Task goal:
Reproduce the records below exactly, but only between the lines holding "Размер 35-41. Босоножки" and "Drone over gesmolten", inclusive.
[[ Task material open ]]
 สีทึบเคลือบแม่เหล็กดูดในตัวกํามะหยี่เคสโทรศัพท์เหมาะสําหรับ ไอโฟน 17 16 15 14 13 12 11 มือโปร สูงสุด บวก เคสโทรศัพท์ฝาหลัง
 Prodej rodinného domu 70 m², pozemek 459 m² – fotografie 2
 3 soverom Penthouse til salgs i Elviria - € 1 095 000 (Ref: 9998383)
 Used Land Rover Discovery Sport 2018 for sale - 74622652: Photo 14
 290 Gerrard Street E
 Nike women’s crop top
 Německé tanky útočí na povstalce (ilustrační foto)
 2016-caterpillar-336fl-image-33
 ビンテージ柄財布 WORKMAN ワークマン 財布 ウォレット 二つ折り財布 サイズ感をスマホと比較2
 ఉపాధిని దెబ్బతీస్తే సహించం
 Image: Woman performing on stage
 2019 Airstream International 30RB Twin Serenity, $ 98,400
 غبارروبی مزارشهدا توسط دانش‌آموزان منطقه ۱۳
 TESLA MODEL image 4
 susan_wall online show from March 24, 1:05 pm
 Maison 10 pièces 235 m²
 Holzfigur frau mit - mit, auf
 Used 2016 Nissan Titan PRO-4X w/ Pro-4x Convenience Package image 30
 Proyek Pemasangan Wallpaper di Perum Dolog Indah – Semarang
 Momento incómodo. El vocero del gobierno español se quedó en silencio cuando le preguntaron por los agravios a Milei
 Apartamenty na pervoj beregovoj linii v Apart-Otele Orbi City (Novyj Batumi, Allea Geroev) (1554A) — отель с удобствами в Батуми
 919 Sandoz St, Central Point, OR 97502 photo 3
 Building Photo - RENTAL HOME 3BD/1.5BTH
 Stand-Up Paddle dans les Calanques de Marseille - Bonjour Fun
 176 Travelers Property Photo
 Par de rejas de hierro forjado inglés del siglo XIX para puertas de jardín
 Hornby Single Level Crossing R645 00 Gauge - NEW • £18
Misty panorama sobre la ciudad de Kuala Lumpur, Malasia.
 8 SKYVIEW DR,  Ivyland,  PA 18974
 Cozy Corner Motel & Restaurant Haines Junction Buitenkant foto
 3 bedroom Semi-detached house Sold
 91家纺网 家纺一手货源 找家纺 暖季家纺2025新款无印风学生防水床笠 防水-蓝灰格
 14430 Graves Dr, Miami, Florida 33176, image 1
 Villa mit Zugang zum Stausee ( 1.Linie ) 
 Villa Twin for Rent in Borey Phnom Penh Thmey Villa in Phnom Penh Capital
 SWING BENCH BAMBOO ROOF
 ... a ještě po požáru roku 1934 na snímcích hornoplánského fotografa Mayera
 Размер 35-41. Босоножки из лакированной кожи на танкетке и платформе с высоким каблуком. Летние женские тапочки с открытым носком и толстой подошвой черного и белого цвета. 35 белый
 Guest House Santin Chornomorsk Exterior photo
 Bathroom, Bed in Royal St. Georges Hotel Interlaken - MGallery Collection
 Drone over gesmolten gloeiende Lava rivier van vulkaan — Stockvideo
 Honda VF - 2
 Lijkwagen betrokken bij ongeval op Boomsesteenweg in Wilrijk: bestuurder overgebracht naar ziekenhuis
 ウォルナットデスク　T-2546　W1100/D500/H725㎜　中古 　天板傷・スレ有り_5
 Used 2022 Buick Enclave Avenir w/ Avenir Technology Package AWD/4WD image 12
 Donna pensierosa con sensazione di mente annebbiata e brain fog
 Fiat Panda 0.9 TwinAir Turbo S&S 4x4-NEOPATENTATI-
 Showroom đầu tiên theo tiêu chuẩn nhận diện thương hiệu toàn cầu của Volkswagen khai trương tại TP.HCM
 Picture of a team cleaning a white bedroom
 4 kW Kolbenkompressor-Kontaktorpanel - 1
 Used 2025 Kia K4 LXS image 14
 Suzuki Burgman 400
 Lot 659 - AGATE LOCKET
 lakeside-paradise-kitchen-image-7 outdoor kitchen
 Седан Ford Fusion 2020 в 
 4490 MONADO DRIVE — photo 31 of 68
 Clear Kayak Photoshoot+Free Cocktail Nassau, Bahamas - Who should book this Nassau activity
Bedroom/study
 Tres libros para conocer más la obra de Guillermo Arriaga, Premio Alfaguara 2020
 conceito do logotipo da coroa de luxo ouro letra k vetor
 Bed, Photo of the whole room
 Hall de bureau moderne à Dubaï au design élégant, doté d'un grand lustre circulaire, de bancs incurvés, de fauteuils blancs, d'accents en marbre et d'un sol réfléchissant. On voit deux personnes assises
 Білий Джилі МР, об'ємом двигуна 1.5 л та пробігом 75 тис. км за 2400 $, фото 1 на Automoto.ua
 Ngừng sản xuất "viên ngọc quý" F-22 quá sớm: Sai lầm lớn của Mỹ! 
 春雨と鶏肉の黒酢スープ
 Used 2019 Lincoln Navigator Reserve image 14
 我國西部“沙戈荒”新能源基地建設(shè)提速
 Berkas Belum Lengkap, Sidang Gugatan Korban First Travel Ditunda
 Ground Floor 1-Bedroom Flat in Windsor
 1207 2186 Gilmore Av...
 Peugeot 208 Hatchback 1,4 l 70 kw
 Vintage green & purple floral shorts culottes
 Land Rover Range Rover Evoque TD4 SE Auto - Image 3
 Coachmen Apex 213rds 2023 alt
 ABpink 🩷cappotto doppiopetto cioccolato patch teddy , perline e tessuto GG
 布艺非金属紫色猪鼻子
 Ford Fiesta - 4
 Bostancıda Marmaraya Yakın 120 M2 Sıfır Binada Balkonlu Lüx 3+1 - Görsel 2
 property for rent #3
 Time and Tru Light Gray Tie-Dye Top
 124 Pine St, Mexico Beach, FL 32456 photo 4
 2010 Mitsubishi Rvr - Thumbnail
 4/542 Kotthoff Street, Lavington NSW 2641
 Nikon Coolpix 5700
[[ Task material closed ]]
Finished task:
 Размер 35-41. Босоножки из лакированной кожи на танкетке и платформе с высоким каблуком. Летние женские тапочки с открытым носком и толстой подошвой черного и белого цвета. 35 белый
 Guest House Santin Chornomorsk Exterior photo
 Bathroom, Bed in Royal St. Georges Hotel Interlaken - MGallery Collection
 Drone over gesmolten gloeiende Lava rivier van vulkaan — Stockvideo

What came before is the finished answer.